RECORDS FOR THE EXERCISE →
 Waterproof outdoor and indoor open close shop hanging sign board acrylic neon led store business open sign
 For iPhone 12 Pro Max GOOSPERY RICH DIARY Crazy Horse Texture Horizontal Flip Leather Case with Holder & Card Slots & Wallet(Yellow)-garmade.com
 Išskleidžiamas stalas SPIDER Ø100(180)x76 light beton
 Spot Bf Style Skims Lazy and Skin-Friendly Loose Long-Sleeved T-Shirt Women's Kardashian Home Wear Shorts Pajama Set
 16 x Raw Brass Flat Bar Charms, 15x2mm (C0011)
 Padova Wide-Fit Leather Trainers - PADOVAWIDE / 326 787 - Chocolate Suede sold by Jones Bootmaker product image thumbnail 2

...

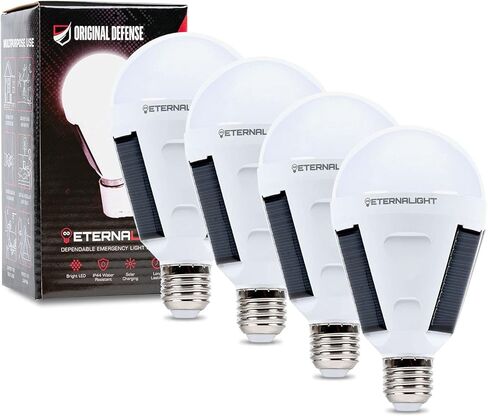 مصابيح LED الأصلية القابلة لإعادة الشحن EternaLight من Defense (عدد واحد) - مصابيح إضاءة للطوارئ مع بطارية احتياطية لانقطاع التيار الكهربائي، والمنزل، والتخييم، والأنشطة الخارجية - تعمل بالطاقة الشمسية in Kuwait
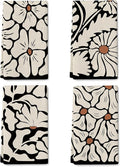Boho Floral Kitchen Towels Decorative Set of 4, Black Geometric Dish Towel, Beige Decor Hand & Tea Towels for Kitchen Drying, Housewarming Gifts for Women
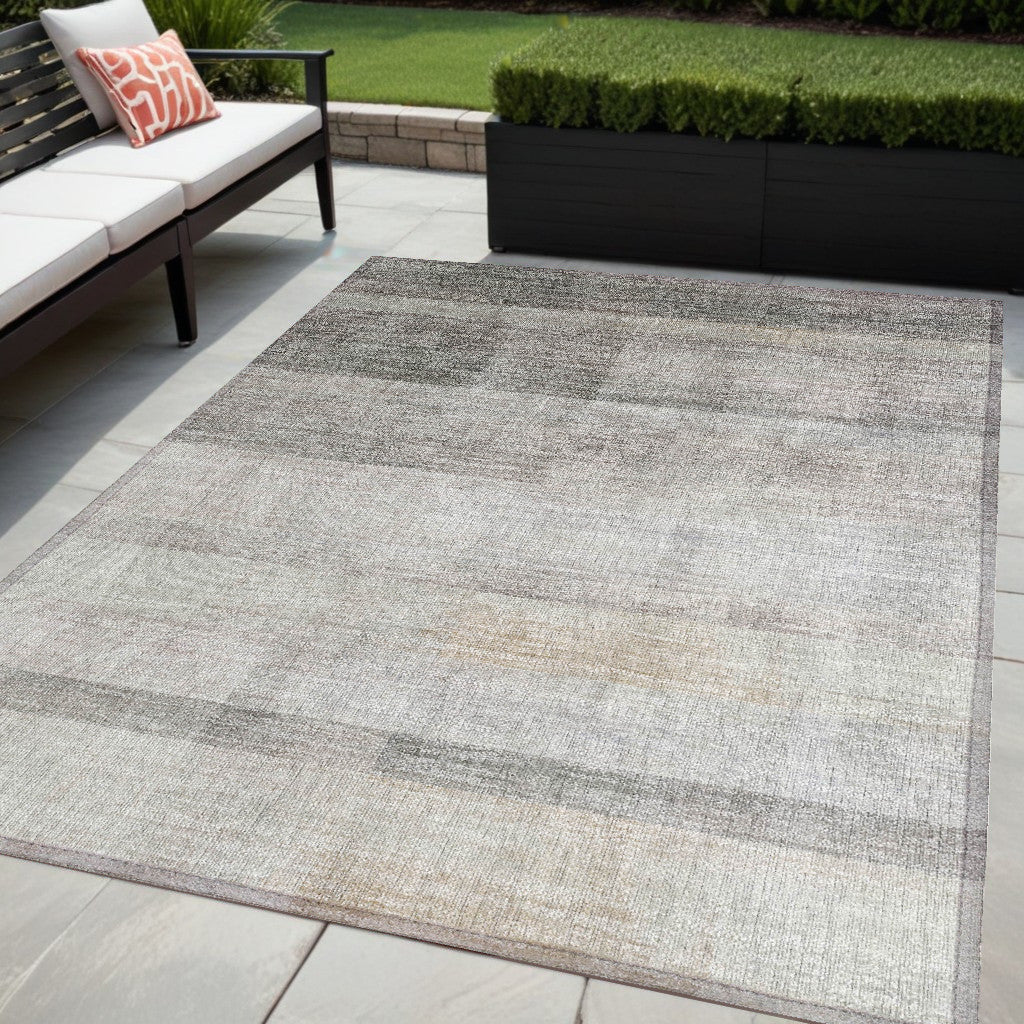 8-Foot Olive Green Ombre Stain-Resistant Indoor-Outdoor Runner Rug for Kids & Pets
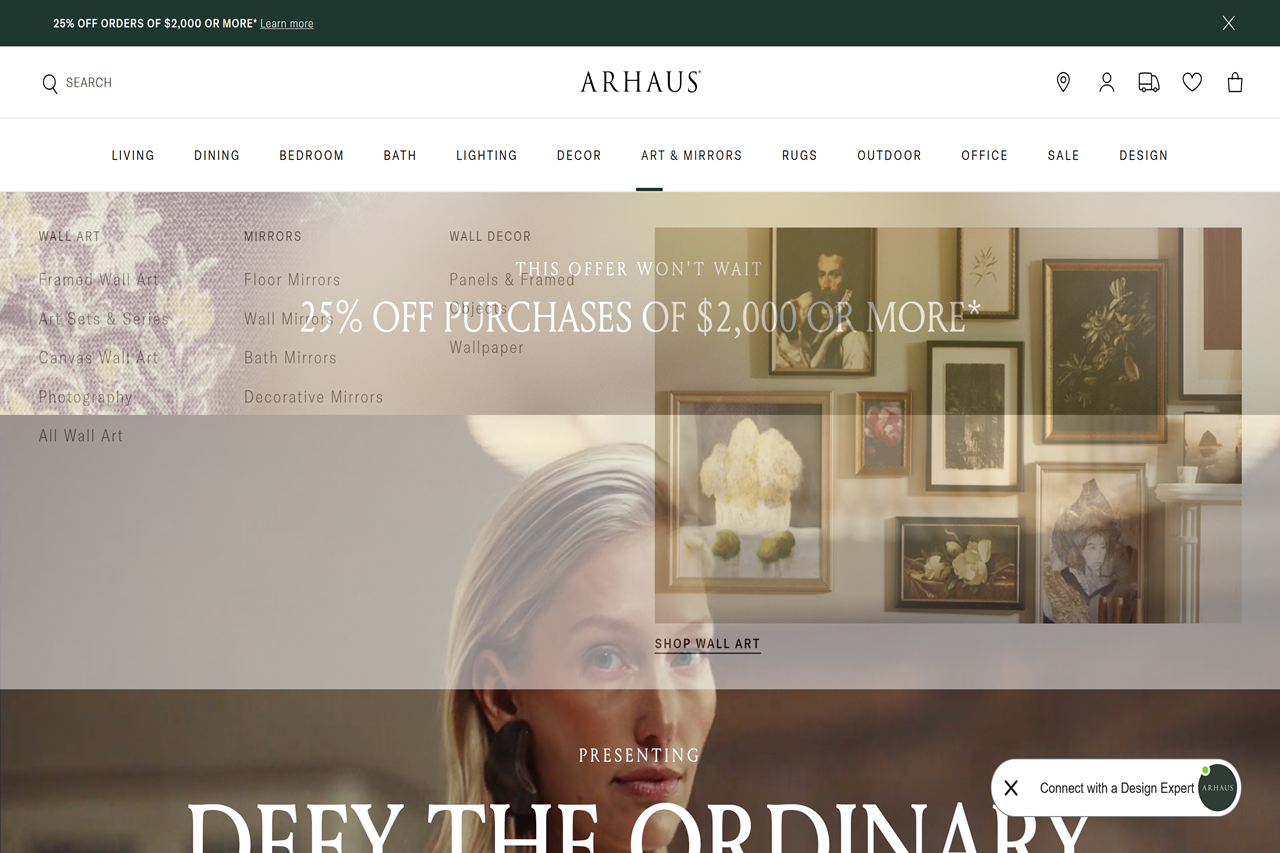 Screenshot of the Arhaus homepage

* * *

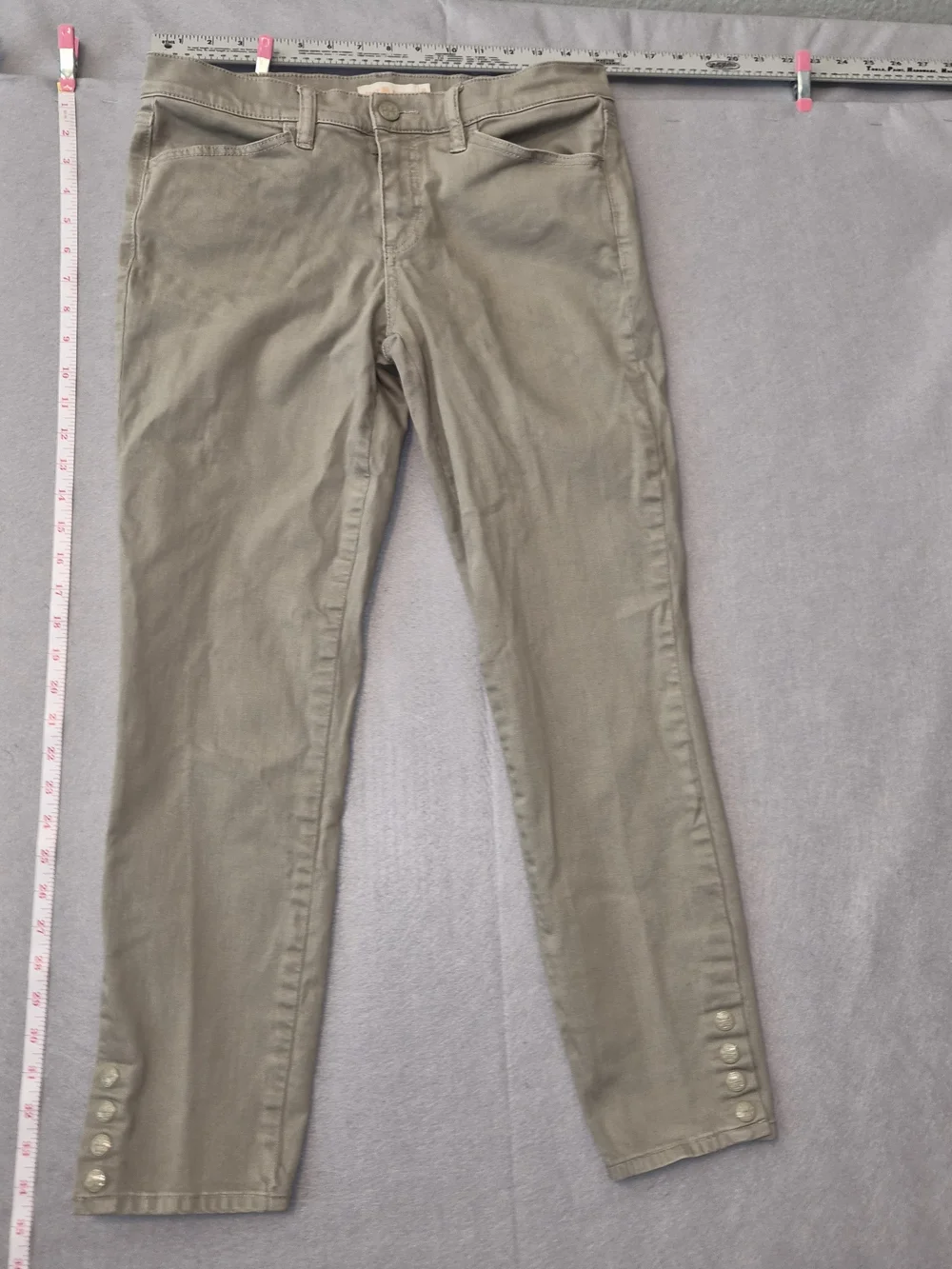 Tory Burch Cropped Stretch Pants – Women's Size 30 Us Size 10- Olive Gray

INSTRUCTIONS TO FOLLOW → Reproduce the lines above, beginning at the line with "16 x Raw Brass" and stopping after the line with "Padova Wide-Fit Leather", exactly as they are.

PROBLEM SOLUTION →
 16 x Raw Brass Flat Bar Charms, 15x2mm (C0011)
 Padova Wide-Fit Leather Trainers - PADOVAWIDE / 326 787 - Chocolate Suede sold by Jones Bootmaker product image thumbnail 2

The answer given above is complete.